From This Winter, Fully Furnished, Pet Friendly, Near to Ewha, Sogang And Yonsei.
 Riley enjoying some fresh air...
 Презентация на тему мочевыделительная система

==

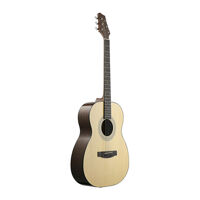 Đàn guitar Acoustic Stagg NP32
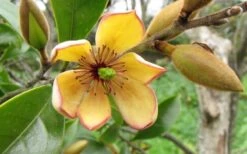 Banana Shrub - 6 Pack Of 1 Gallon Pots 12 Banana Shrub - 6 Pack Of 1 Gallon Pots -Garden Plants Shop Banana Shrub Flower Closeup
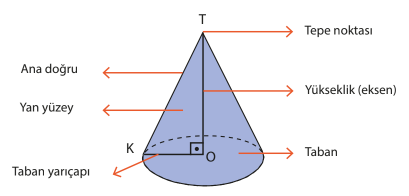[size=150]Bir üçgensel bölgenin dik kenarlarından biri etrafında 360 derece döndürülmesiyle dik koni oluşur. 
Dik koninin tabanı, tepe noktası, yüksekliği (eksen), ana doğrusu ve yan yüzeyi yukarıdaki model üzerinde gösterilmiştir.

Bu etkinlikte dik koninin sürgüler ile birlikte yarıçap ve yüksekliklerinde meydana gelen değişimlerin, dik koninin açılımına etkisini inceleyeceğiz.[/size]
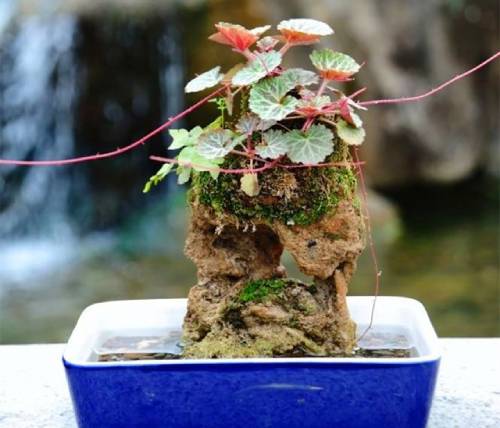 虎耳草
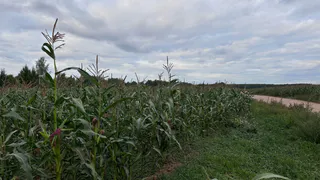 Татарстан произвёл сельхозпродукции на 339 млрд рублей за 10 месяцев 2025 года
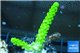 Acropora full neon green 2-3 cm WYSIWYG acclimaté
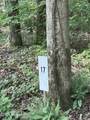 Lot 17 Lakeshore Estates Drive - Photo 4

EXERCISE AIM: Print everything from the line with "Bu etkinlikte dik" down to the line with "Lot 17 Lakeshore Estates Drive - Photo 4" in the entries above, both lines included and nothing more, without the pictures.

FINAL ANSWER:
Bu etkinlikte dik koninin sürgüler ile birlikte yarıçap ve yüksekliklerinde meydana gelen değişimlerin, dik koninin açılımına etkisini inceleyeceğiz.[/size]
 虎耳草
 Татарстан произвёл сельхозпродукции на 339 млрд рублей за 10 месяцев 2025 года
 Acropora full neon green 2-3 cm WYSIWYG acclimaté
 Lot 17 Lakeshore Estates Drive - Photo 4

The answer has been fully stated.